Thursday, May 10, 2012

Twisted Myth Files (5): Nataraja

The Cosmic Dancer who dances Creation into and out of existence. "The Lord of the Dance." One of the many incarnations/aspects of the Hindu god Shiva.


Most famous story: The sages living in the southern forest regions of India had attained great powers through meditation and ritual, but had grown arrogant and no longer praised the gods. So Shiva appeared in the forest as an ithyphallic mendicant named Bhikshatana and wandered about their villages, begging. Bhikshatana's . . . excitement . . . caused many of the sages' wives and daughters to become enamored with him, so the sages decided to use their powers to destroy this out-of-line beggar. First they summoned a fierce tiger made of fire, whose pelt Bhikshatana made into a loincloth. Next they sent a horde of poisonous snakes, which Bhikshatana hung about himself as jewelery. Then came a mad dwarf, which Bhikshatana stomped upon. (The twisted thing underneath Nataraja's feet in the depiction above is this wild dwarf.) A third eye formed in the beggar's forehead, two extra arms grew out from his torso, fire blazed into life in his upper left hand—and Shiva-as-Nataraja danced the Ananda Tanvara, which caused the monks to realize exactly who he was and recognize the error of their worship-neglecting ways.

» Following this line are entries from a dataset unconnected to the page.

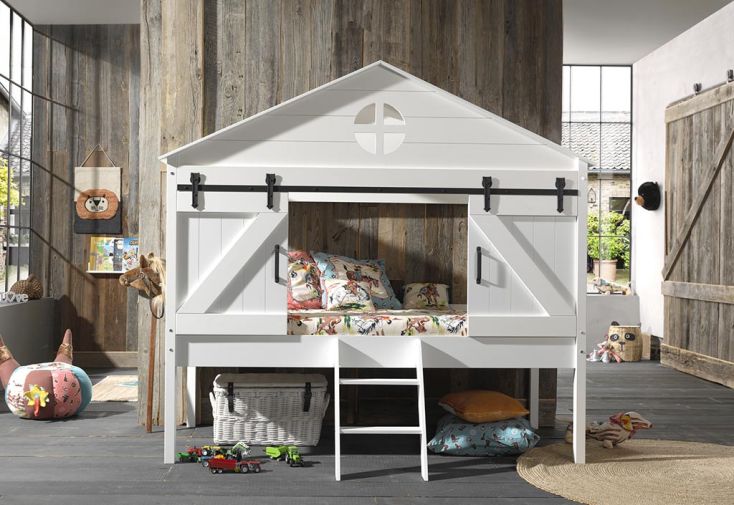 Lit cabane enfant 90x200cm avec 2 tiroirs, lit enfant en bois de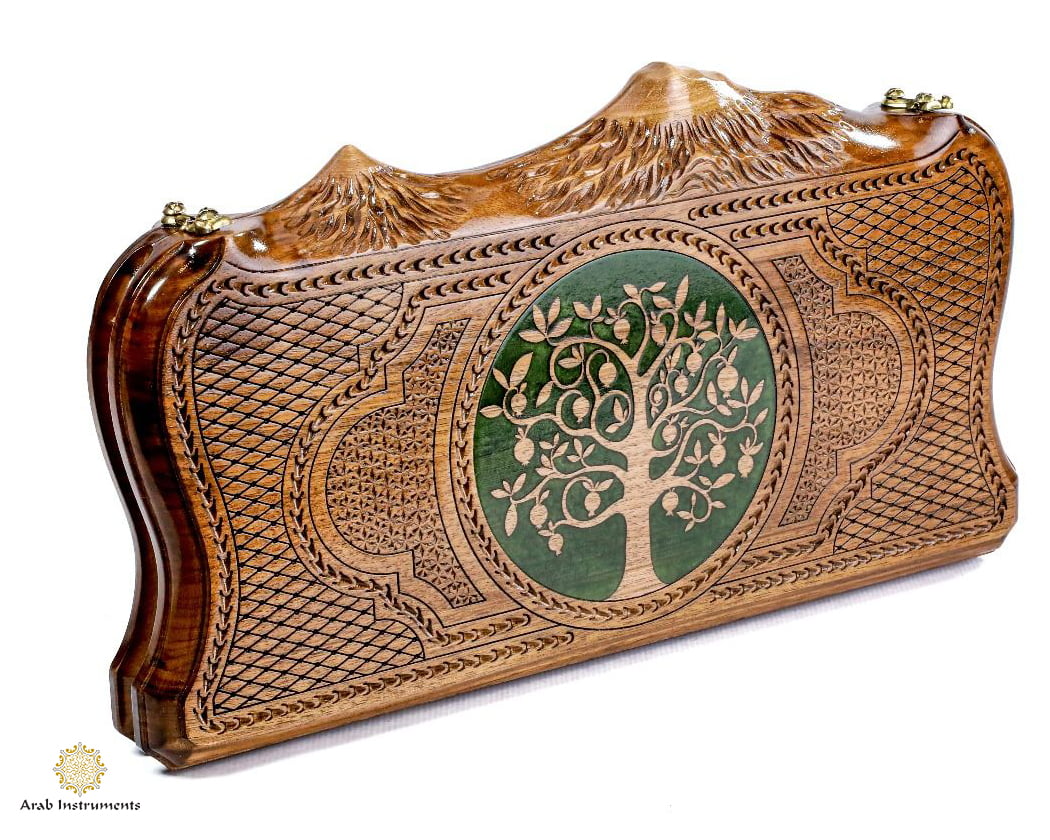 Hand Carved Premium Backgammon Green Tree and Mount Ararat #AI12172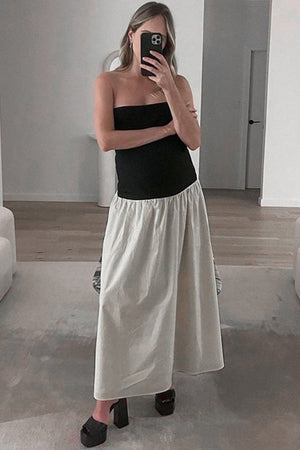 Arolora contrast-strapless-ruched-dress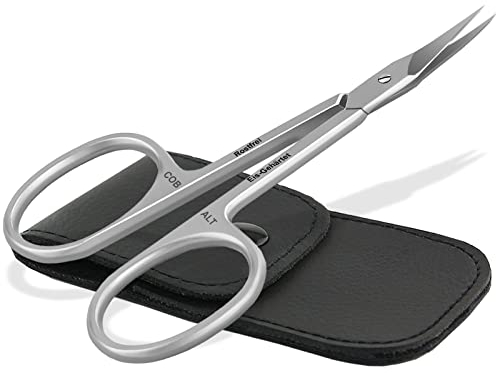 Nagelhautschere Hautschere mit gebogener Schnittfläche Maniküre Pediküre PREMIUM Nagelschere aus rostfreiem Cobalt Edelstahl und Etui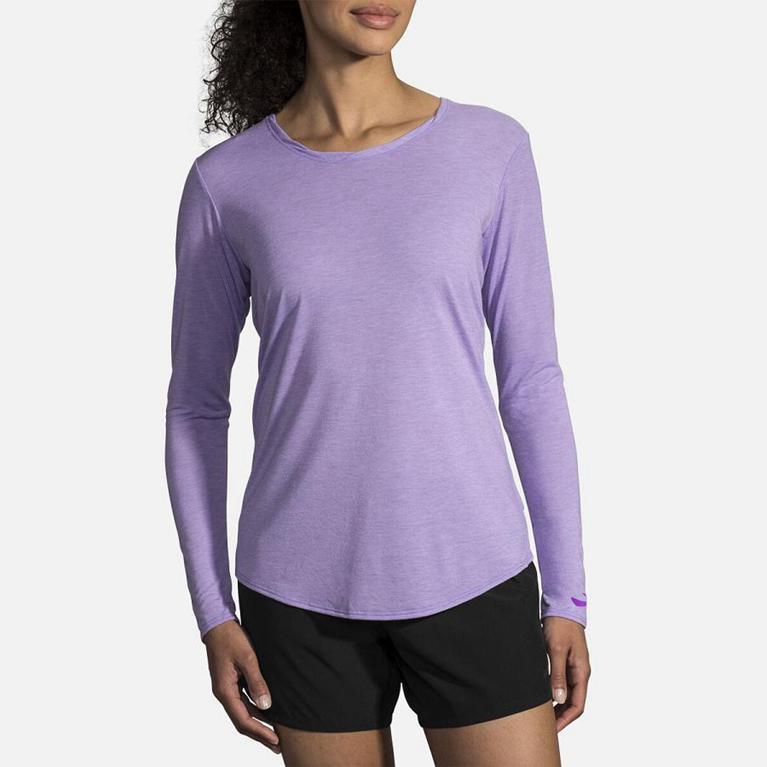 Brooks Distance Womens Long Sleeve Running Shirt - Purple - Indonesia (GRKE-36478)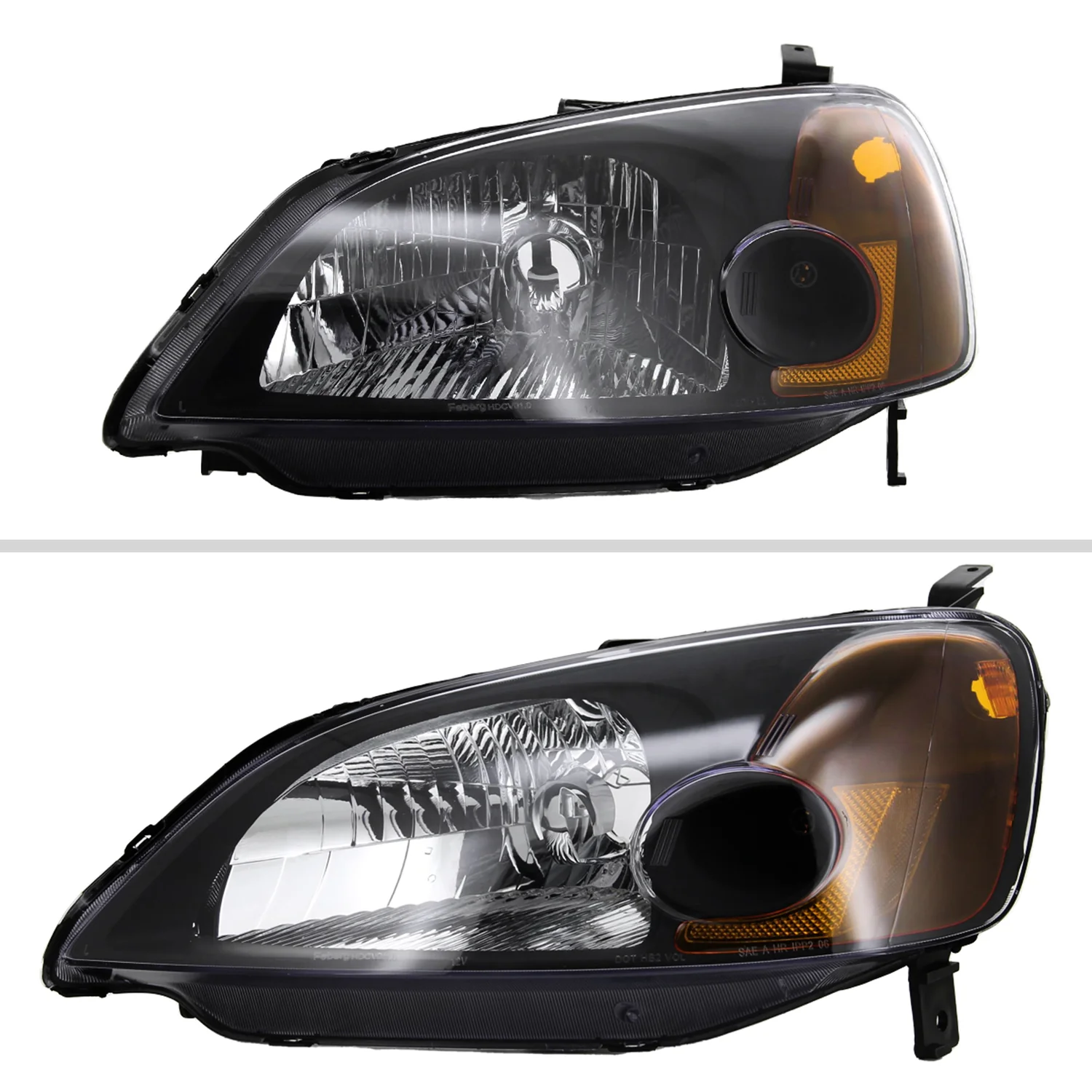 2001-2003 Honda Civic Factory Style Headlights Matte Black/Clear Lens - Image 2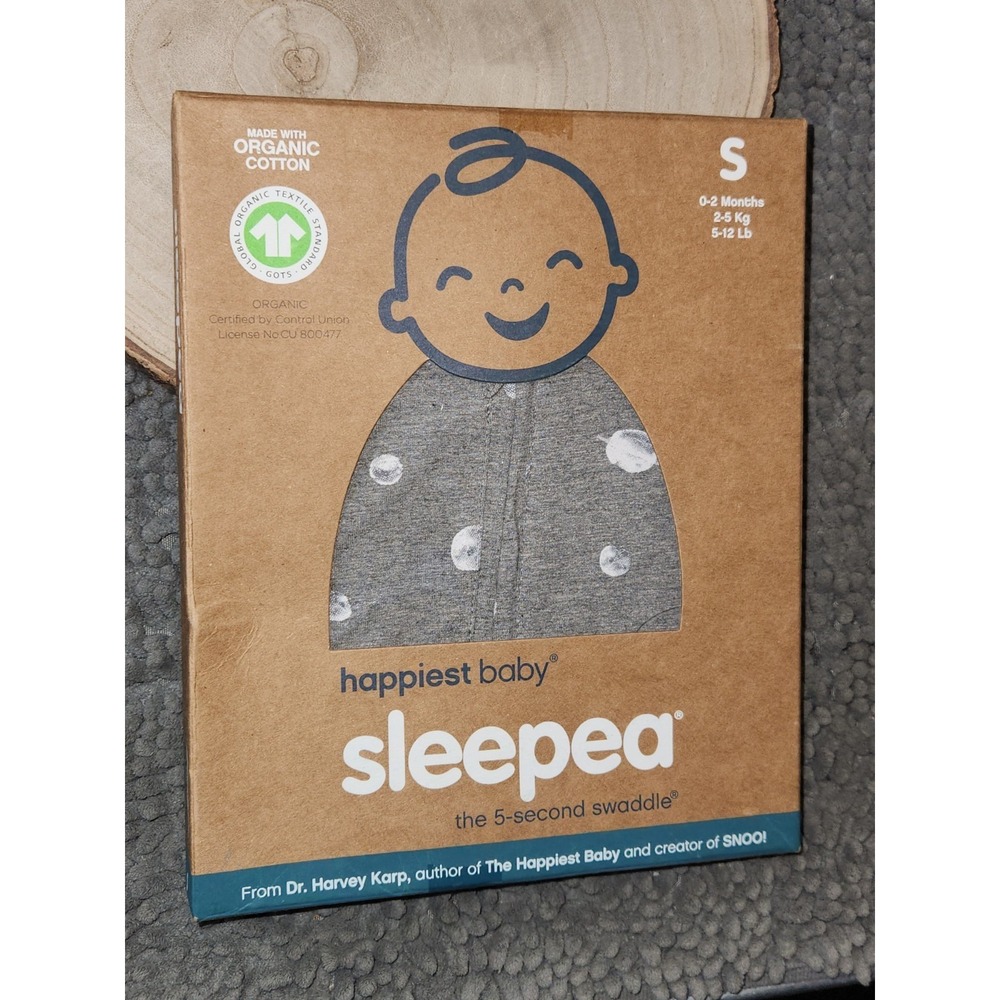 Happiest Baby Sleepea SMALL 0-2 Months Organic Cotton Swaddle Graphite Planets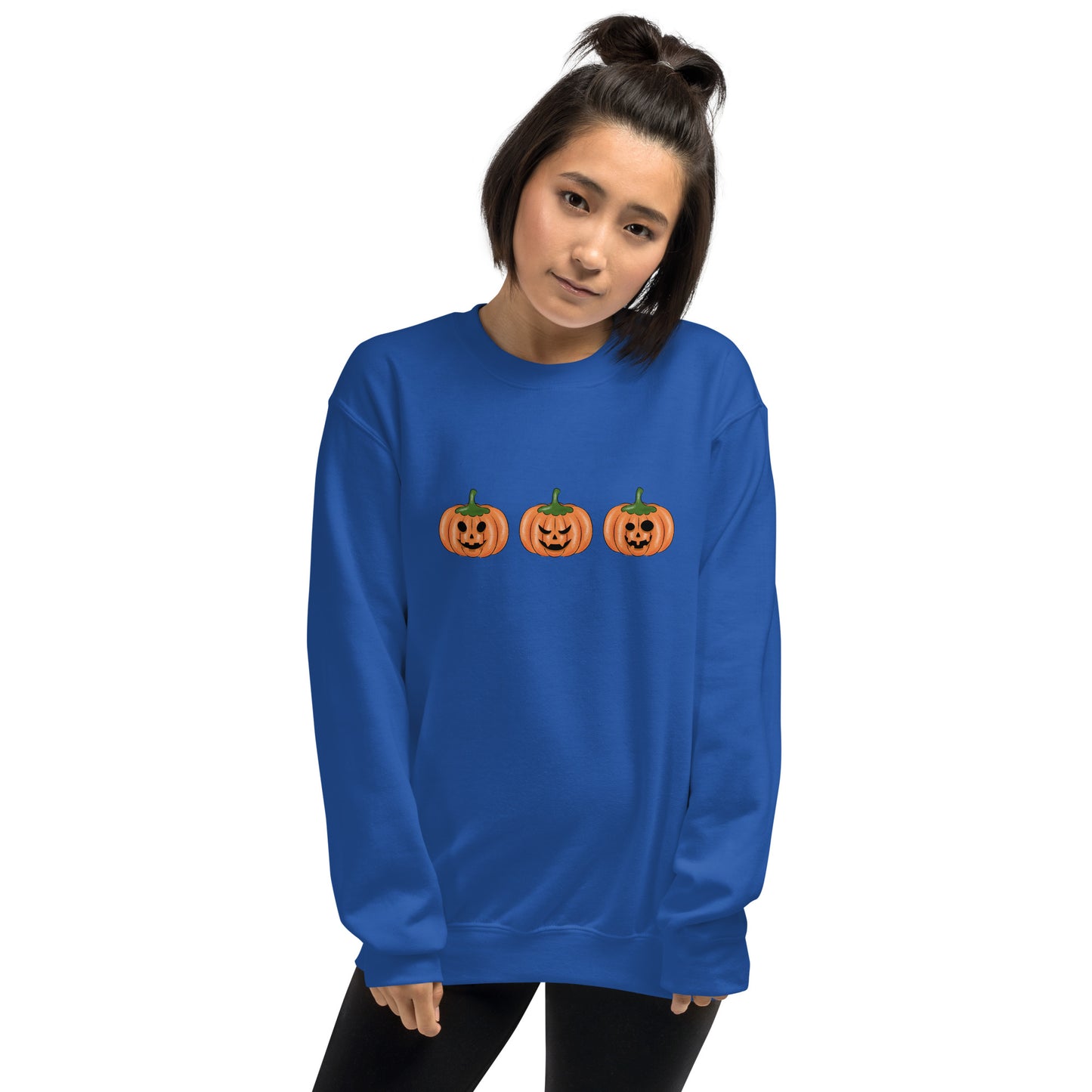 Trendy Fall Pumpkin Faces Crewneck Unisex Sweatshirt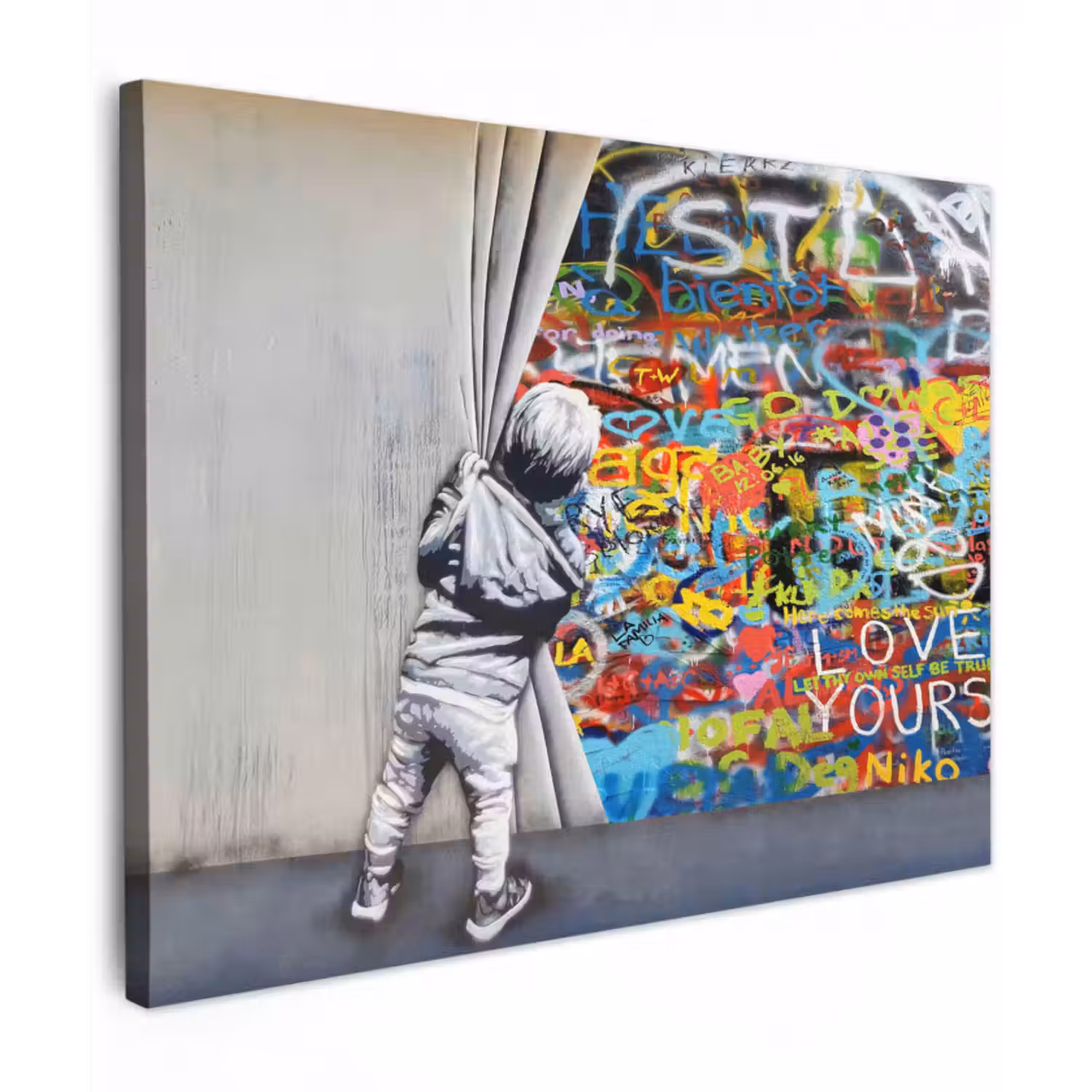 Leinwandbild - Graffiti - Illusion - Junge - Straßenkunst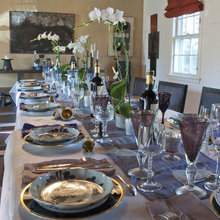 blue and white dining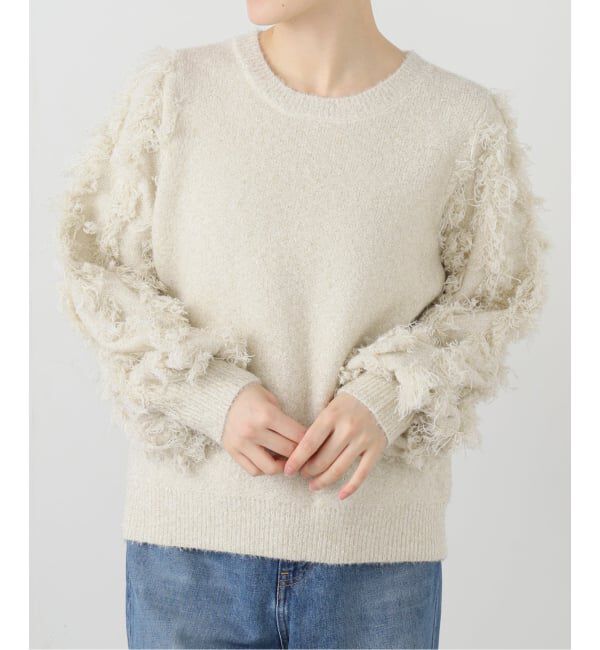  「【洗える】ラメジャガードフリンジプルオーバー」|ニット・セーター|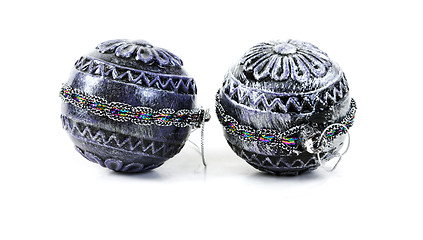 Image showing two silver Christmas ball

The first depictions of Shiva as the Lord of the Dance appear in bronzes crafted in 10th - 12th century India. Nataraja is nowadays more a symbol than anything else, although he is to this day revered in India and elsewhere. As Ananda Coomaraswamy says in his essay "The Dance of Siva," "Whatever the origins of Siva's dance, it became in time the clearest image of the activity of God which any art or religion can boast of." To this day the Nataraja symbol be found in both Eastern and Western culture.

Powers and Abilities: Beyond comprehension. Not many mythological beings have the power of creation and destruction literally resting in the palm of their hand. Mythological beings gain their powers from ken, or "knowledge-of". The more well-known a mytho is in the great Mind of humankind, the more ken they have to utilize. Shiva-as-Nataraja may be to many just a symbol, but sometimes symbols have frightening power. Again, Coomaraswamy, "A great motif in religion or art, any great symbol, becomes all things to all men." As to whether or not Nataraja dancing the Samhara portion of his Ananda Tanvara could actually destroy the universe . . . well, we all know what happened in Eden last summer.

UPDATE - 5/9/12: This agent was on the scene for that scene, and that that ball of fire gripped in Nataraja's upper left hand is hot hot hot!